After a several week hiatus, masturbation has made a triumphant return. This new development followed the discovery of not one, but TWO former hook-ups in the realm of digital pornography.

Each of them has done for me digitally then they ever could in person, thank you creepy, exploitative pornographers!
 
Hester said:
i feel bad about getting off to really terrible thoughts. whether porn inspired or from the depths of my little mind. i get very conflicted about this sometimes.
Don't ever feel bad about it A. That's what they're there for.

I love to plunge into the deepest recesses to get a real dirty jack going. It's half the fun.
 
I guess I was relaxed enough today to have one of my rare ones.

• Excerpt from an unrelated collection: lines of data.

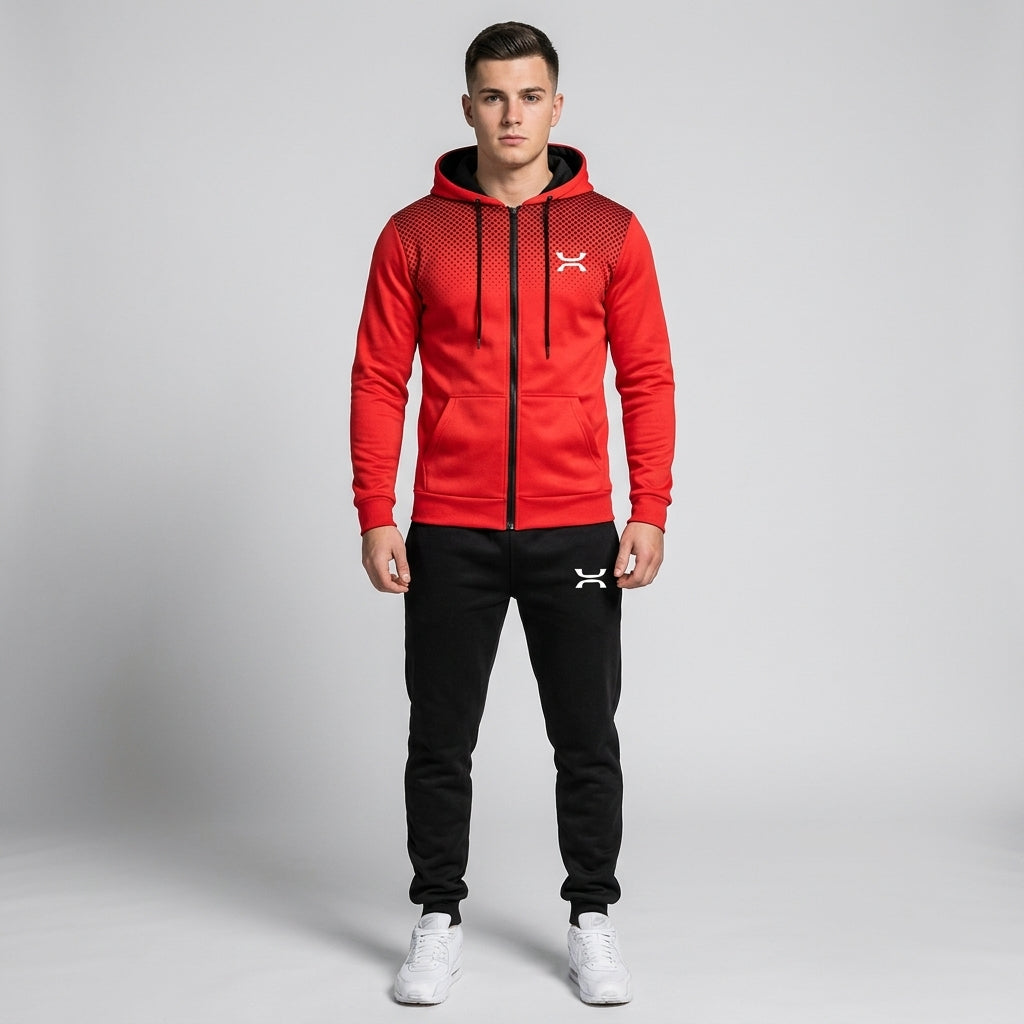 Riley | Men's Tracksuit – Zip Hoodie &amp; Sweatpants Gym Set with Adjustable Waistband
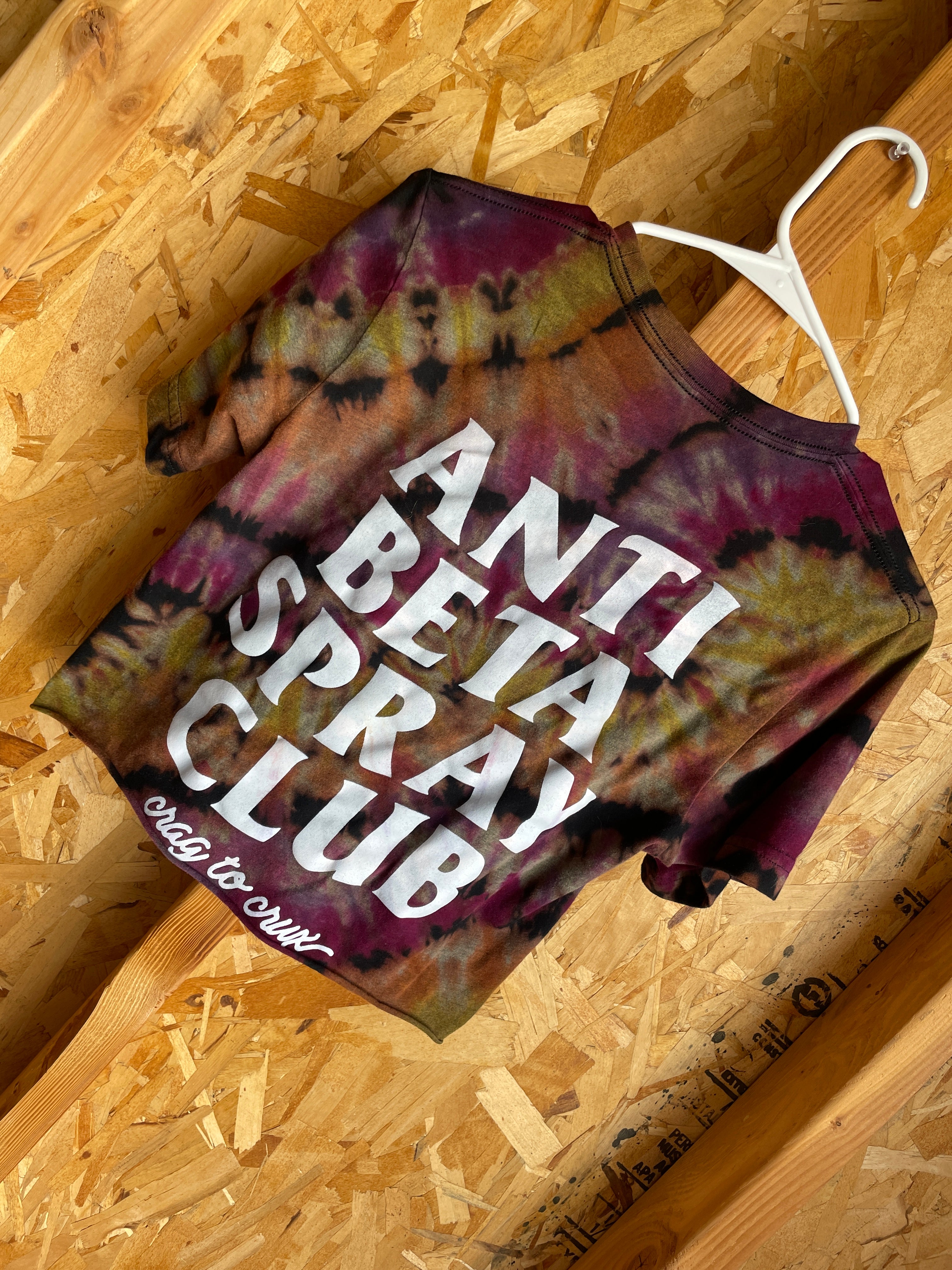 Small Men’s Anti-Beta Spray Club Handmade Tie Dye Crop Top | Black and Pink Pleated Tie Dye Short Sleeve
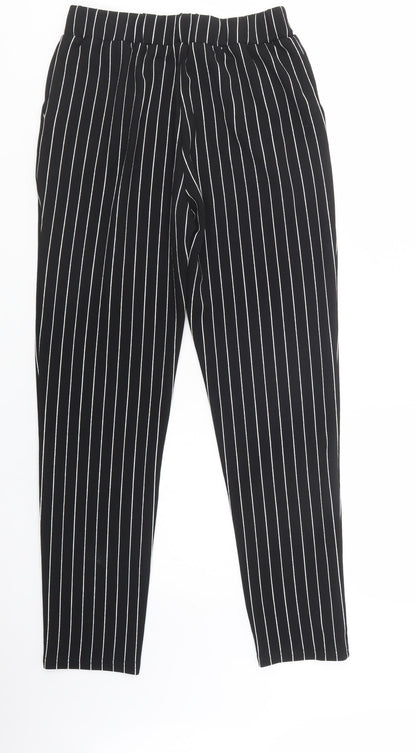 SheIn Womens Black Striped Polyester Trousers  Size M L29 in Regular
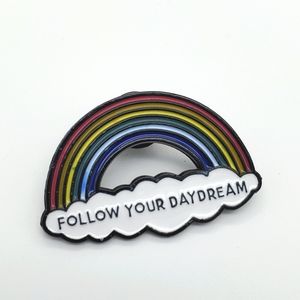 NWT follow your day dream rainbow pin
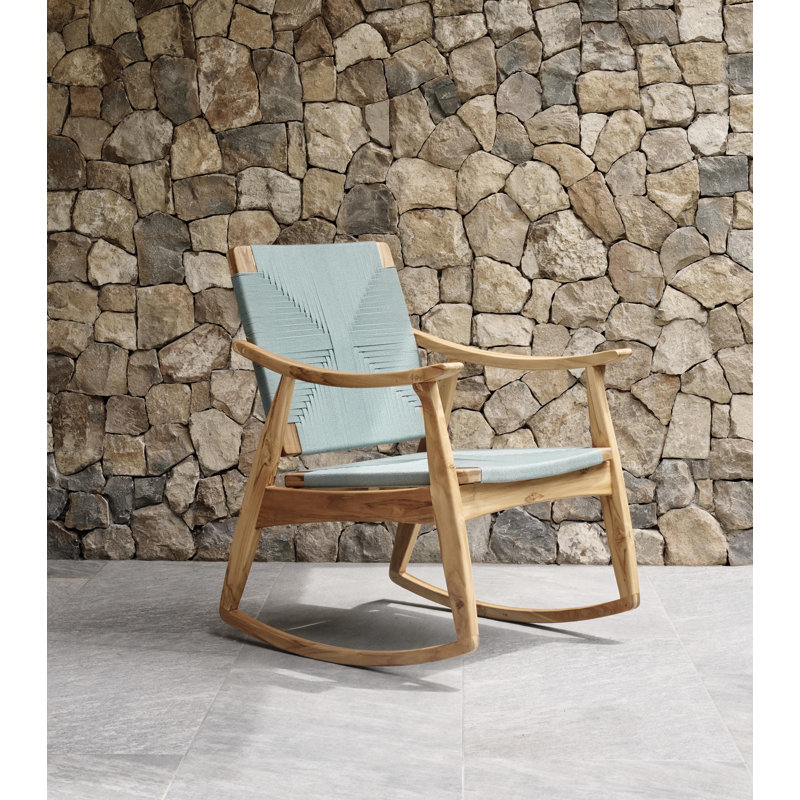 Chaise berçante Izapa, Teck transparent, Cordon tressé naturel / spa naturel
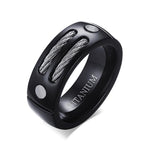 Wire Rope Inlay Black Titanium Ring for Men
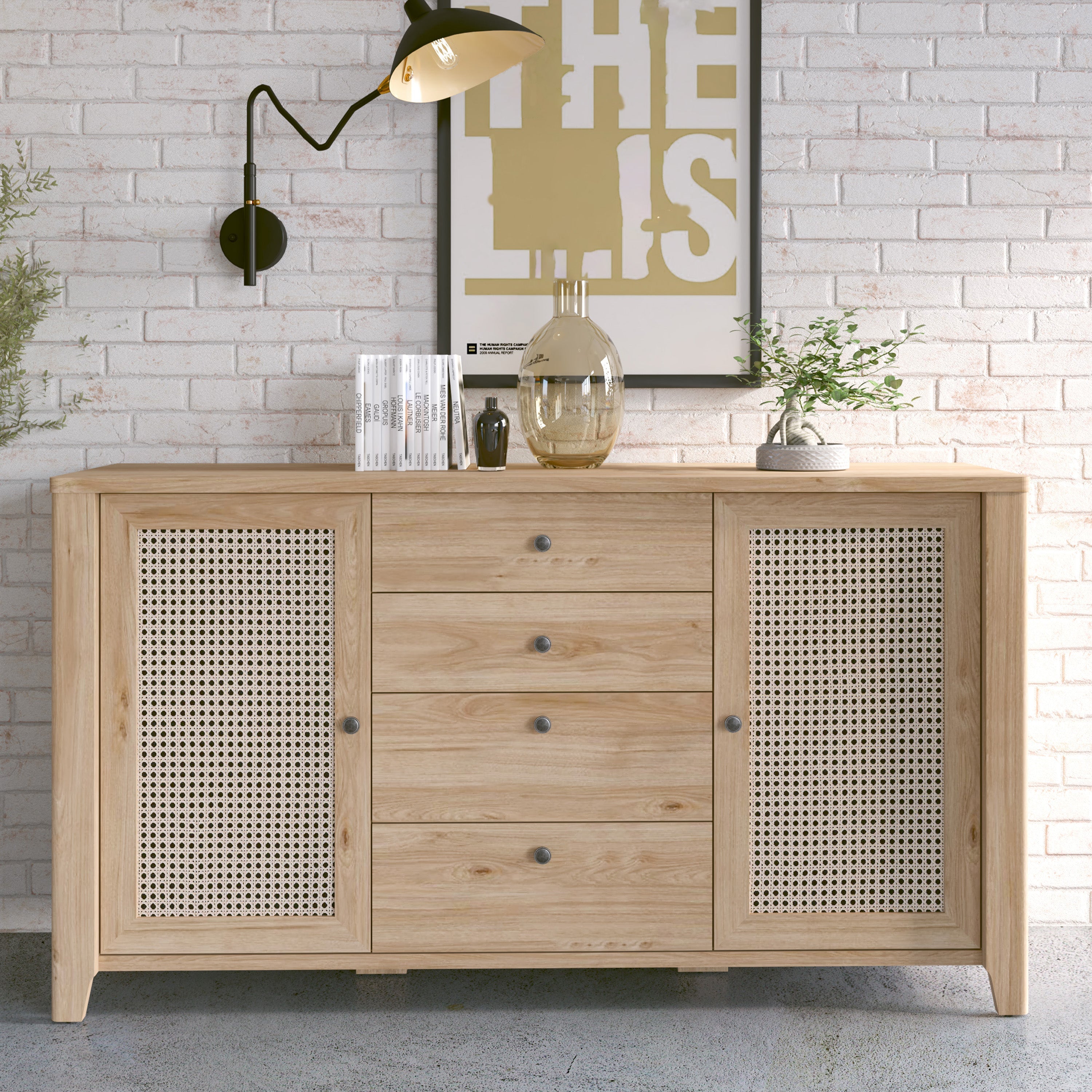 Cestino 2 Door 4 Drawer Sideboard in Jackson Hickory Oak and Rattan Effect – FTG, view 4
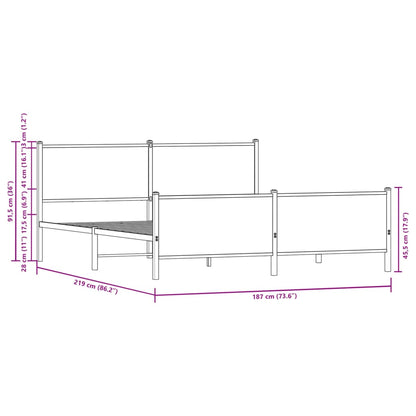 Metal Bed Frame without Mattress Sonoma Oak 183x213 cm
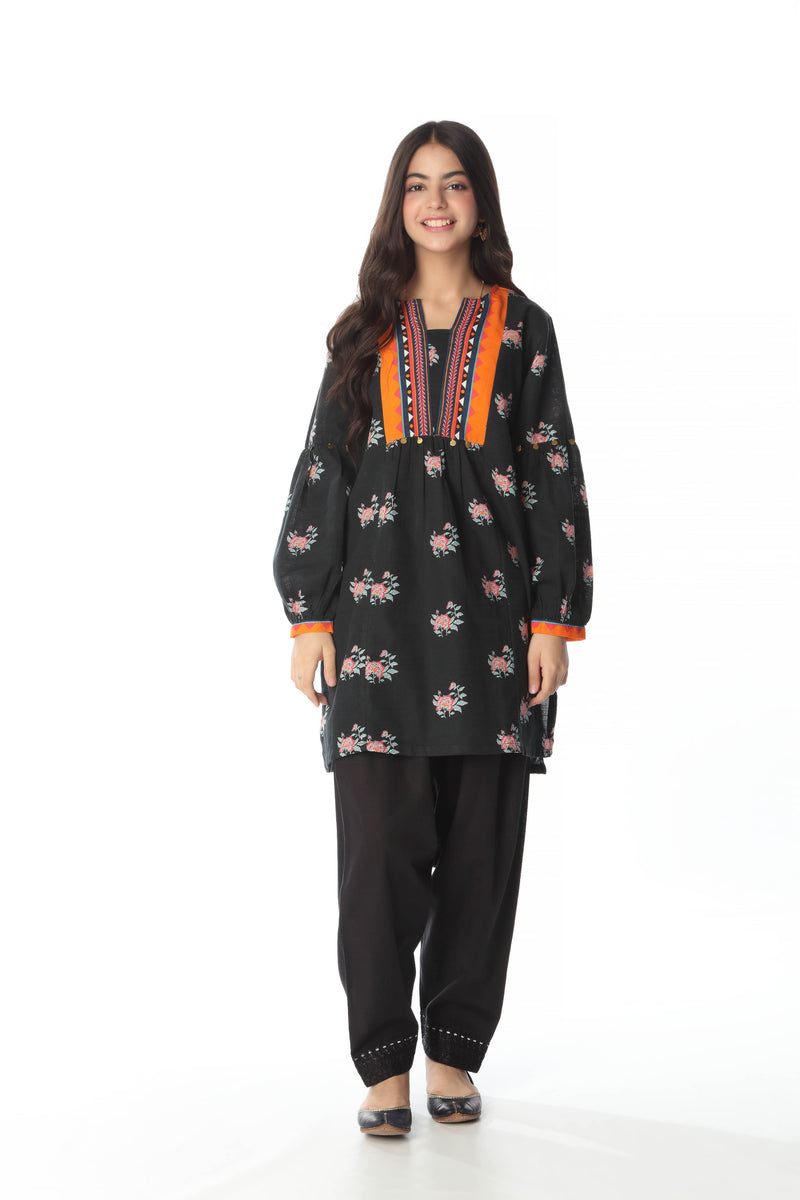 Digital Printed Kurti - Soft Slub Khaddar | Black - Best Kids Clothing Brands In Pakistan Online|Minnie Minors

I was sitting at my desk reading a newspaper tabloid story about a woman who drowned her four children in the bathtub (I know, a weird way to start off a masturbation story, but bear with me). The story was about what happened to her after she was sent to jail. Apparently she was put on a five-week "suicide watch." I gather, from the story, that in those situations, you're giving a suicide dress and a suicide blanket that you can't tear apart and guards check in on you frequently. Well, this woman's lawyers claim that the jail drove her crazy because they claimed they didn't have a suicide dress and she was forced to be stark naked the entire five weeks. Additionally, the guards checking in on her cell were mostly men. Something in me liked the idea of being forced to be naked in a cell for five weeks with male guards ogling me through the bars the entire time and so I played with myself thinking about having no privacy, for instance, waking in the middle of the night to rude remarks and laughter when I fell asleep in an exposing position (in my fantasy I didn't even get the blanket), and being tied in exposing positions when my jailers judged I was a bigger risk that day than on others. I came, imagining being tied or handcuffed tightly to the bars and the deputies fondling me casually but very insultingly as they walked by in the corridor. Nice intense satisfying orgasm.
 
sexuality is a strange thing.
i had a jill inspired by (or reminiscent of) the perverse stories a friend of mine used to write. raised from infancy to be a submissive sex slut. not allowed language, except to understand specific orders relating to comfort-female status. i could imagine the primitive gurgles a girl like that would make. a bizzare episode during this sex-story involving a glory hole and rear entry.
anyway, i had this a few hours ago & something must have been in the air.
 
tried to take a nap and as i tried to sleep my mind went off where i usually don't let it go. usually a nap jack at least starts slow and sleepy, but this time i bolted up and frenetically started Jing. it was quick and satisfying. i feel better, but it fucked up my nap.
 
emotionally i'm kind of a mess this week but i'm having some damn fine orgasms.
 
stirbird said:
Hester, you have strangest avatars on Literotica. (That's a compliment! :) )
ha! i'm a bit strange myself so i think they suit me in that regard. they all have meaning to me, although i doubt anyone else would get most of them.

this guy looks a lot like one of my brothers, who i'm missing very much these days.
 
Currently stroking my black cock to the AVP Chicago Open Woman’s volley ball.
Four nice tight white asses I want to eat and dick.
I will be stroking my dick until 6pm, or for another 12 minutes.